O que se deve observar nesses novos pedidos é que o direito postulado não tem legislação expressa sobre a permissão do casamento (sem entretanto proibir) e quando a Vara de Registros não concede a habilitação a justificativa é exatamente a ausência de legislação permissiva. A decisão quando concede essa possibilidade é uma construção jurisprudencial, o que o STJ realizou.
Contudo, hoje temos a real possibilidade de um casal do mesmo sexo ter sua situação de união reconhecida judicialmente e caso queiram converter esta união em casamento, como previsto no art. 226 § 3º da Constituição, (Art. 226 § 3º - Para efeito da proteção do Estado, é reconhecida a união estável entre o homem e a mulher como entidade familiar, devendo a lei facilitar sua conversão em casamento.)
a competência para decidir esta conversão da união em casamento passa a ser da Vara de Família, por força do disposto no art.85, I , "g" do CODJERJ que atribui a estas a competência para julgar as ações decorrentes de união estável.
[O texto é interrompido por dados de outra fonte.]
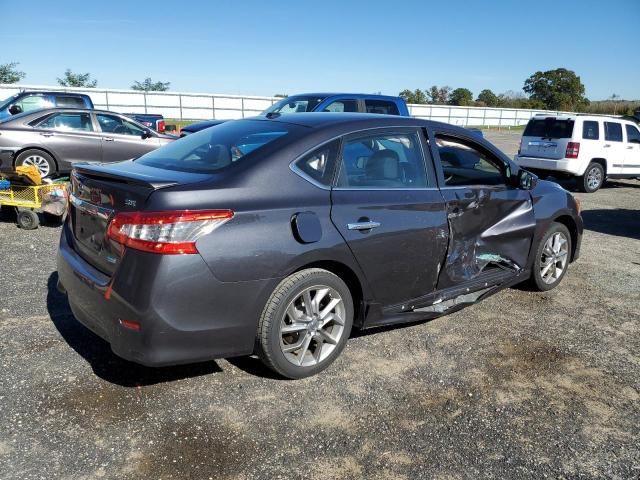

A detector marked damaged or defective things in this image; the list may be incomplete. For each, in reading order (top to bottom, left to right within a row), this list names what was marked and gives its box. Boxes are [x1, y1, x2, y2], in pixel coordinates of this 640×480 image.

damaged gray sedan [57, 113, 584, 378]
dented door panel [438, 185, 536, 288]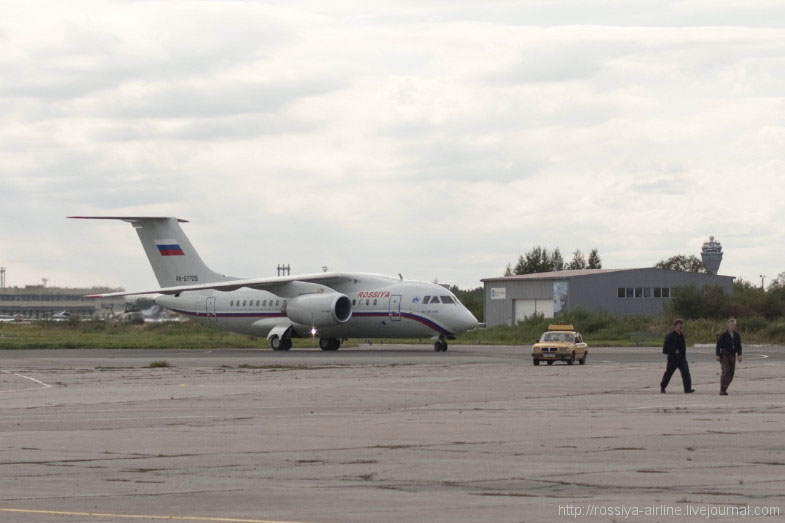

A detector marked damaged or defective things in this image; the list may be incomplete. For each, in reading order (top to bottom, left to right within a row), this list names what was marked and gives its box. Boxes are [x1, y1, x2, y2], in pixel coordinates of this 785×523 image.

cracked asphalt [1, 346, 784, 520]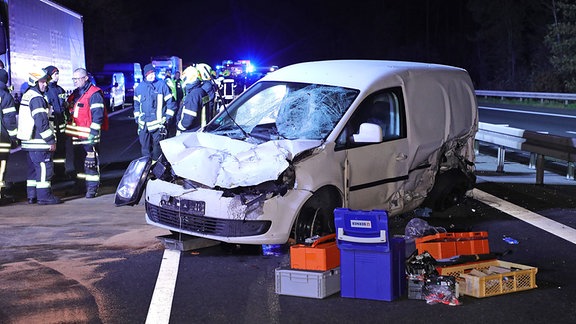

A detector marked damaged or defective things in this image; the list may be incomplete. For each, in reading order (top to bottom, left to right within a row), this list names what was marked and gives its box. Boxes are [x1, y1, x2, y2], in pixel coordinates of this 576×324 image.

white damaged van [116, 60, 476, 243]
crushed front end of van [116, 59, 476, 244]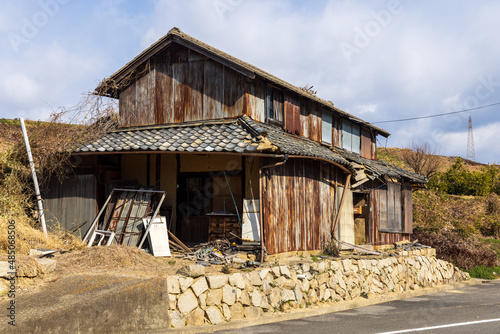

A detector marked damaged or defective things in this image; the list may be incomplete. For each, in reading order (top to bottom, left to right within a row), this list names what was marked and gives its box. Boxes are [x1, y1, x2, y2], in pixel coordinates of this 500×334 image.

rusted brown panel [119, 82, 137, 126]
rusted brown panel [136, 70, 155, 126]
rusted brown panel [153, 61, 173, 124]
rusted brown panel [172, 62, 188, 122]
rusted brown panel [205, 60, 225, 119]
rusted brown panel [224, 66, 245, 117]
(g) as ações decorrentes de união estável e sociedade de fato entre homem e mulher, como entidade familiar (art.226, parágrafos 3º e 4º da Constituição da República Federativa do Brasil), regulamentadas em leis ordinárias.)
O tema apresenta divergências de entendimento. Buscar a convergência é o que trará a segurança jurídica e a justiça para que o pensamento seja unificado enquanto não houver lei clara o suficiente para respaldar as decisões. No caso da discussão passar a ser travada em Varas especializadas de Direito de Família, o debate será ampliado e a tendência é que as discussões sejam pacificadas por novos argumentos que possam fundamentar um entendimento que será estendido a todas as pessoas. A especialização na Justiça existe para que sejam agregadas aos conhecimentos teóricos à prática das decisões voltadas para o bem-estar e respeito ao convívio familiar. O Juízo de família é o locus adequado para que as sentenças sejam proferidas no sentido de reconhecer e colaborar socialmente para se construir uma sociedade livre, justa e solidária,que é um objetivo fundamental da República Federativa do Brasil, assim como outro objetivo o de promover o bem de todos. (CF- Art. 3º Constituem objetivos fundamentais da República Federativa do Brasil: I - construir uma sociedade livre, justa e solidária; IV - promover o bem de todos, sem preconceitos de origem, raça, sexo, cor, idade e quaisquer outras formas de discriminação.)
Nesse propósito e respaldados por decisões de Cortes Superiores, poderão os Juízes entender que a felicidade de cada um é motivação suficiente para a não interferência do Estado na vida privada, como previsto no Código Civil, art. 1513. (CC-Art. 1.513. É defeso a qualquer pessoa, de direito público ou privado, interferir na comunhão de vida instituída pela família.).
Nesse sentido, a competência especializada em Varas de Família é o Juízo adequado para análise e julgamento não só para declaração de união estável entre pessoas do mesmo sexo, como posterior análise de conversão da união estável em casamento. Poderá ocorrer a negativa da conversão por algum Juiz de Vara de Família (lembrando que não há vinculação à decisão do STJ), mas o debate será ampliado e multiplicado e certamente a visão diferenciada do Juízo de Família contribuirá para a promoção do bem-estar dos indivíduos em sua dignidade plena.